▶ **Exercise aim**:
From the line with "In the Properties" through the line with "Lastly, we will", inclusive, return each line of the data below exactly and leave the rest out.

── Source material

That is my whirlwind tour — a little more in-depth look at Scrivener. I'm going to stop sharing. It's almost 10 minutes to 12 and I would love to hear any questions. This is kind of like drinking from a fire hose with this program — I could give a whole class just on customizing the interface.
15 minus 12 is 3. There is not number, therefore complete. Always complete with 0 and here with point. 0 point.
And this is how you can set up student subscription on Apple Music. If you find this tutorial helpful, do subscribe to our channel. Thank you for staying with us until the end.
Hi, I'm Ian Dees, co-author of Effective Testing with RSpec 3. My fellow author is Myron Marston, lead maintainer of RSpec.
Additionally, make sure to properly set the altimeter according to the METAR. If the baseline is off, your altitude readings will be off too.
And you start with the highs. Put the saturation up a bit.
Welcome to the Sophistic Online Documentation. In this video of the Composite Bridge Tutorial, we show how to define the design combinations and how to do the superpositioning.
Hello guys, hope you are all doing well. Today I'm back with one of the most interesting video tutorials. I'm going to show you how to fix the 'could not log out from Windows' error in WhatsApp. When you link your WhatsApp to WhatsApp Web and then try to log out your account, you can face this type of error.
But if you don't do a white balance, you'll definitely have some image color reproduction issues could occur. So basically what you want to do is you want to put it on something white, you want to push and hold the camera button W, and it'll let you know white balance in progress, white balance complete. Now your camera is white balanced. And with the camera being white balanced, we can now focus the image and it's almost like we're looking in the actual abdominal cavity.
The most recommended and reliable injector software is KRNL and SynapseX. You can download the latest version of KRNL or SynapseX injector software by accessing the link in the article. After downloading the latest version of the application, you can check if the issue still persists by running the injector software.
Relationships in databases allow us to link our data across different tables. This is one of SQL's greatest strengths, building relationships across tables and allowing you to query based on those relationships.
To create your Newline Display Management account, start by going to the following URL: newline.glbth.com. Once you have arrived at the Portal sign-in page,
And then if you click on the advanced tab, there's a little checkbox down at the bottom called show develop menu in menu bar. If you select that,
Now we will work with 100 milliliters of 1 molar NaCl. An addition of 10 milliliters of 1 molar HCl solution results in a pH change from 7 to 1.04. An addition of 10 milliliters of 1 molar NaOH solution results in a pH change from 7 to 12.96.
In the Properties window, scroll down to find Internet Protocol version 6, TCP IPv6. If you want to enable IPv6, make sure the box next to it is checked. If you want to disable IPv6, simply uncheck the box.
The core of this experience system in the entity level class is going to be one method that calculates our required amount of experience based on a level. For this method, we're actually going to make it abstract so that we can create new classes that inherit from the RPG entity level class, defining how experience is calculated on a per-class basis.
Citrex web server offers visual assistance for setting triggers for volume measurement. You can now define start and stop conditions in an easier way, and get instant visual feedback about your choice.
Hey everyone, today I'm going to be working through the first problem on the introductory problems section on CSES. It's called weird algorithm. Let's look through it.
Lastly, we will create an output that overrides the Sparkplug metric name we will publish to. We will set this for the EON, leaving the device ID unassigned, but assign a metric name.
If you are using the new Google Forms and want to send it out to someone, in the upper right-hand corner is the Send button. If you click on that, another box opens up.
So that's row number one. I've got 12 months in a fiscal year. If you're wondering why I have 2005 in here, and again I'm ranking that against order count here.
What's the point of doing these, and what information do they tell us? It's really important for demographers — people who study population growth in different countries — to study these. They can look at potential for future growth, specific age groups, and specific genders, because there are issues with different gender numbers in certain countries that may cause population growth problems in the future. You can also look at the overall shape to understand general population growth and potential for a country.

────

▶ **Written answer**:
In the Properties window, scroll down to find Internet Protocol version 6, TCP IPv6. If you want to enable IPv6, make sure the box next to it is checked. If you want to disable IPv6, simply uncheck the box.
The core of this experience system in the entity level class is going to be one method that calculates our required amount of experience based on a level. For this method, we're actually going to make it abstract so that we can create new classes that inherit from the RPG entity level class, defining how experience is calculated on a per-class basis.
Citrex web server offers visual assistance for setting triggers for volume measurement. You can now define start and stop conditions in an easier way, and get instant visual feedback about your choice.
Hey everyone, today I'm going to be working through the first problem on the introductory problems section on CSES. It's called weird algorithm. Let's look through it.
Lastly, we will create an output that overrides the Sparkplug metric name we will publish to. We will set this for the EON, leaving the device ID unassigned, but assign a metric name.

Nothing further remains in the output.